Low prices and a global oversupply of cotton have been putting a lot of pressure on the nation's cotton producers. This week, the U.S. Department of Agriculture said it would offer cotton growers $300 million in aid to help stabilize the industry.
“The market is certainly not where any of us would like it to be,” said Steve Verett, executive vice president of the Plains Cotton Growers in Lubbock, Texas, the nation's leading cotton-producing state.
Verett said cotton producers have had a tough past few years for a number of reasons. He cited lower demand and reduced federal subsidies, stemming from a World Trade Organization dispute. Brazil had complained that U.S. subsidies were distorting global trade markets. The WTO agreed, and the U.S. revised its subsidy program for cotton farmers in the 2014 Farm Bill.

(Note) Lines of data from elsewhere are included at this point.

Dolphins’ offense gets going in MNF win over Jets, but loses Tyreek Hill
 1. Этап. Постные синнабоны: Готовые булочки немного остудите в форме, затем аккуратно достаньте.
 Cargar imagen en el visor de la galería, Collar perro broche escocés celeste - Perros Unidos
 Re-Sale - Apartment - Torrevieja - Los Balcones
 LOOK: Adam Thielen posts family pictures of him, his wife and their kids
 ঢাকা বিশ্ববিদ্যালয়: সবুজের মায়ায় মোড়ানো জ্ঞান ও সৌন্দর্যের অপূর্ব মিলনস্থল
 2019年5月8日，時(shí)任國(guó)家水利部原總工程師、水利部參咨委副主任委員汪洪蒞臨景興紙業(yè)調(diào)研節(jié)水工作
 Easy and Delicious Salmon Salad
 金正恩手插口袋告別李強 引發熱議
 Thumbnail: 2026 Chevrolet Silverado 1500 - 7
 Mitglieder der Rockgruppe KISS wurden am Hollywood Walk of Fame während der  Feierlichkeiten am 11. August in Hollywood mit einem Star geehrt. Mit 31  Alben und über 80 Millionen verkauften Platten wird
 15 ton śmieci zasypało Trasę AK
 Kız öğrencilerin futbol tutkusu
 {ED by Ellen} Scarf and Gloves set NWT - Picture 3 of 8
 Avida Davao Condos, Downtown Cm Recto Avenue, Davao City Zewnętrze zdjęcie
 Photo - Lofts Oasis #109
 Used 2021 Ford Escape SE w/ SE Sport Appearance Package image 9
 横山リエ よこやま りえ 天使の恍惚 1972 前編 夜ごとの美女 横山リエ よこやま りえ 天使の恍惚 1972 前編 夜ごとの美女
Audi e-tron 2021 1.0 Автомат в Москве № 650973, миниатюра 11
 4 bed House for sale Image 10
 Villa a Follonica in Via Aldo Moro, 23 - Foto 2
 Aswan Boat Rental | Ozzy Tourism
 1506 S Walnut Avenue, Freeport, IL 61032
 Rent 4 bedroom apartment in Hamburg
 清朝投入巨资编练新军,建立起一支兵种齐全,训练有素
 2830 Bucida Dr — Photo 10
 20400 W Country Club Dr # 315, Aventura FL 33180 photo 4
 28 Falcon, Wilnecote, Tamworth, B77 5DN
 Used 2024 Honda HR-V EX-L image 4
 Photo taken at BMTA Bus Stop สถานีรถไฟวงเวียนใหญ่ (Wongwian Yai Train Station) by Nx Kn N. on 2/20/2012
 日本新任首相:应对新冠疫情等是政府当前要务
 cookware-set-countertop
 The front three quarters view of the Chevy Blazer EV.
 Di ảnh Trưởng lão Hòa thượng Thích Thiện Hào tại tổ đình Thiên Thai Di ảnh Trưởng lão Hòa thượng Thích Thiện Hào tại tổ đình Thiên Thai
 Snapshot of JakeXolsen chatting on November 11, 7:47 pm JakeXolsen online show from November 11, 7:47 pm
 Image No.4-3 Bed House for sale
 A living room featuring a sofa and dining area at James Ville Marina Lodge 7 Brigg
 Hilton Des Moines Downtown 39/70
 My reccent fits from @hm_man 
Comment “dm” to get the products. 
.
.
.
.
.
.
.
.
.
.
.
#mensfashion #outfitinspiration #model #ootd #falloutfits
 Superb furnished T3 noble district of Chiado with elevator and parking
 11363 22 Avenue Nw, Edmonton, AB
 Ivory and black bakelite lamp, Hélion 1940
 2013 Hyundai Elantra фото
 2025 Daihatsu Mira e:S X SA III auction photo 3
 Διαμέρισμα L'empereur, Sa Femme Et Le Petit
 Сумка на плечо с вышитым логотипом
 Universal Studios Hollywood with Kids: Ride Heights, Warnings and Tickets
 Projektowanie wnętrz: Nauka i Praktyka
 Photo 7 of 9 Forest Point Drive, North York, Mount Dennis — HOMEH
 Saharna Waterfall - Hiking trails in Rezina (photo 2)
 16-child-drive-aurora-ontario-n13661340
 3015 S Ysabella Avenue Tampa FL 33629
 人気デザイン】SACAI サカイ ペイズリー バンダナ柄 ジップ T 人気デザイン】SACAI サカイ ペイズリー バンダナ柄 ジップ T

More recently, China — which had been holding a lot of cotton stocks in reserve — has been releasing them into the global market, pushing prices down.
“The price of cotton is just not covering the cost of production,” Verett said.
The Department of Agriculture's new aid program will offer producers one-time payments that are determined by their acreage last year and a portion of average ginning costs in their regions. Ginning is the process by which cotton lint is separated from cotton seed.
John Robinson, an agricultural economist at Texas A&M AgriLife Extension Service, said the aid will mostly help farmers finance their operations.
“A banker can pencil in an assured income line that will help make a loan and help make the whole system work,” he said.
The aid program caps payments at $40,000 per producer.